Entrepreneurs are beginning to make an impact on India today. I like the way Guy Kawasaki put it “The entrepreneur’s role is to make the world a better place and reap some economic rewards for doing so.” True entrepreneurs are evangelists and revolutionaries in a way. So many of them are told they are crazy, their ideas will never work, what they propose can’t be done. And yet, time and again, they seem to do the impossible.

As an entrepreneur you can make an impact, take charge, build wealth for the community, create jobs, and solve problems. If you choose the space carefully – something you are passionate about, work becomes fun. For me, it’s a no-brainer. Entrepreneurship is the way to go. Fortunately, entrepreneuship is on the increase around the world.

Look at some statistics from the most entrepreneurial country – the US. One out of every 12 person starts a new business; 7 out of 10 students want to build their own businesses when they grow up. More than 50% of new jobs are generated by new entrepreneurships. I am not sure of the data in India; but I guess it is getting interesting.

To be an entrepreneur, it takes guts, creativity and innovation and an ability to survive in chaotic uncertainty. Indians seem to be beginning to do rather well as entrepreneurs. On a lighter vein, a Singaporean friend of mine said – “No wonder Indians can make great entrepreneurs. Life itself is so enterprising here. There is so much chaos and still you function. All your faculties have to be very alert.” Take just crossing the road in India. The text book way says look to your right and then to your left and when you see a lull in traffic, cross carefully. In India, in most roads it is not that simple. The traffic never comes down. You look at your right and look very quickly to your left (You may find a scooterist dashing down at high speed from the wrong way) and when the traffic offers you a few milliseconds, just dart across. And don’t forget to look right and left alternately extremely fast. The fast dashing car, scooter, cyclist, phenomenon could occur any time from any direction. And if you are lucky and made one third of the road, just take a quick look, for the next one third may be a far more difficult one. While crossing, you may have to make real-time computations and determine the odds of going forward or backward. You may have to dart back and start all over again. And while looking left and right on the journey, don’t forget to take a quick look ahead, there may be some other soul trying to cross the opposite direction looking right and left and come dashing at you. And it may be a good idea to look up for some falling debris from the windows above. Also, don’t forget to look down for craters in the middle of the road. If you succeed in your venture of crossing the road, thank your luck and set forth on the next journey. With simple things like crossing the road needing so much enterprise, no wonder Indians are turning out to be good entrepreneurs. Winston Churchill aptly described India as a “functioning chaos” and if you could successfully function in that chaos, your entrepreneurial spirit gets kindled so well. I pity the Singaporeans, crossing the road there is so very easy. Everything happens so very predictably.
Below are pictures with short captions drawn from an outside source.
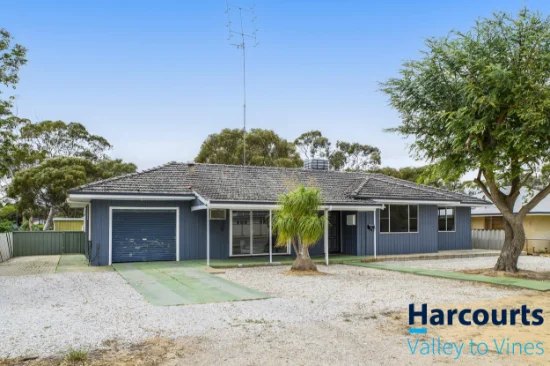 25 Lefroy Street, Moora, WA 6510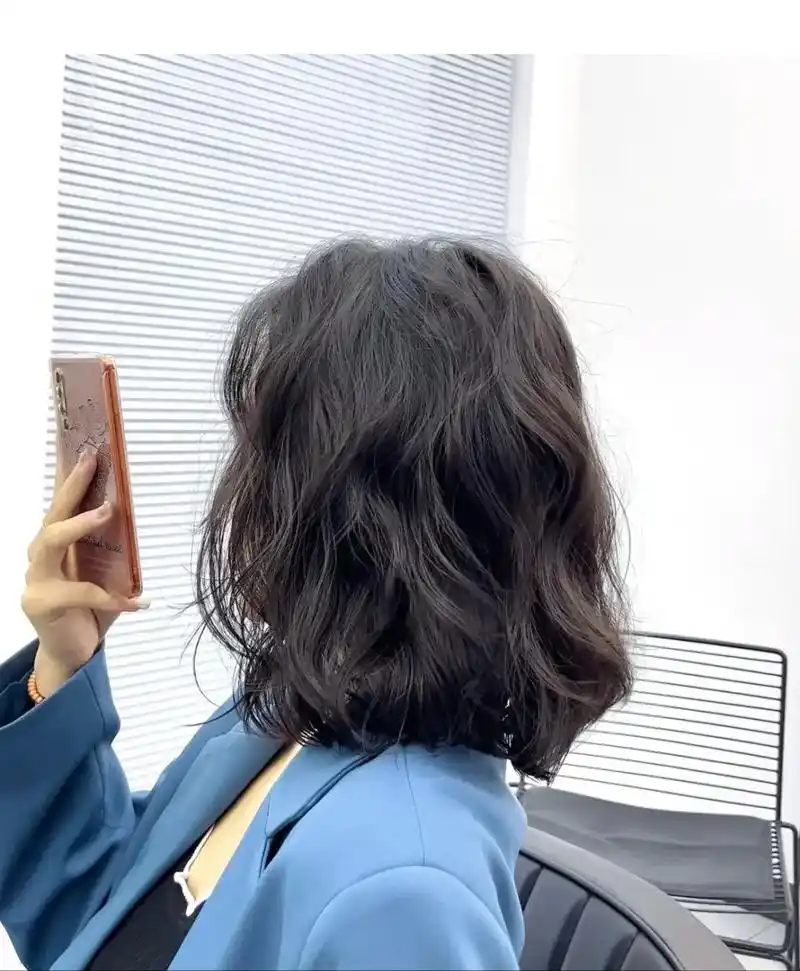 蛋卷发.甜美温柔又复古森系很百搭很日常~中短发烫这种水波纹 - 抖音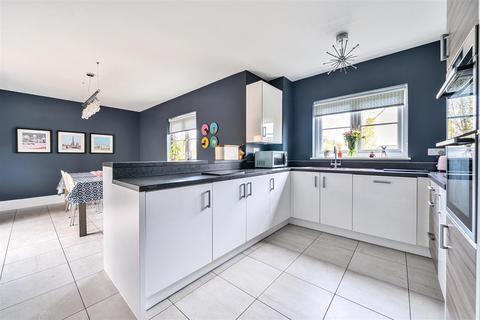 15 Britains Close, Sutton Benger, Chippenham, SN15 4TU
The opportunities are huge in India. I end this posting with an example:

About three years back, on a Friday afternoon in one of India’s biggest steel plants, a senior executive found the neighborhood of his building required some good cleaning. He asked one of his junior colleagues to find a contractor and get his plant area cleaned up over the week end. The younger executive thought about it. He called half a dozen young men from his village – poor agriculture laborers who were pestering him for a job. He ensured that the team was well organized, made a clear work plan and a simple but effective process to ensure a good execution. When the senior executive returned after the weekend, he couldn’t believe his eyes. He simply asked his junior to hire whichever agency he used for the whole plant. To cut a long story short, the young executive today runs a company of his own with revenue touching $ 20 Million and growing fast. If you visit his core team you will find them as savvy as the core team of Infosys, the most admired Indian tech company. What they specialize is just “Jadu Pochcha !” Ie. The “bucket and broom”. But he does it damn well and is very successful. He does it for all top industries, and utilities. The moral of the story is: We are just waking up. A lot of things need to be done. Every problem is an entrepreneurial opportunity. Some of them huge! There are opportunities galore waiting to be tapped. That is what makes India so exciting today.
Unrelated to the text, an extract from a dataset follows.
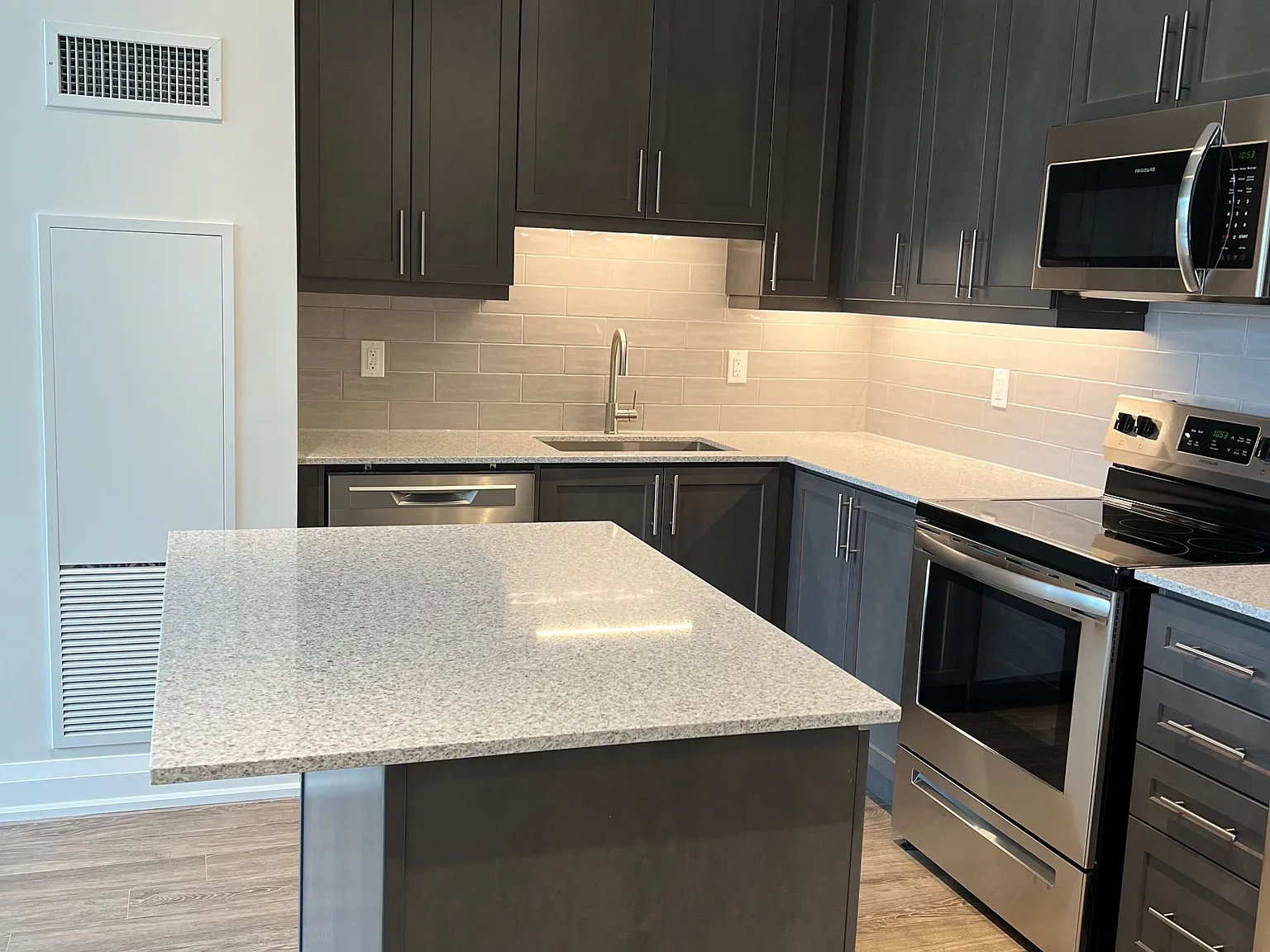 2 bed, $2,500 — Photo 2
And it is just beginning. We are only 14 years old as an entrepreneurial country today. It all started with 1992 with the liberalization of the economy. Prior to that we were a semi socialist economy. Entrepreneurs were bad boys then. Not any more. We just poosted a 9% plus growth last quarter. Economically, this is probbably one of the best times for India over the past 300 years. It is one of the greatest of times to live in India. Potential entrepreneurs must grab the opportunity with both hands, and build wealth for the country and for themselves.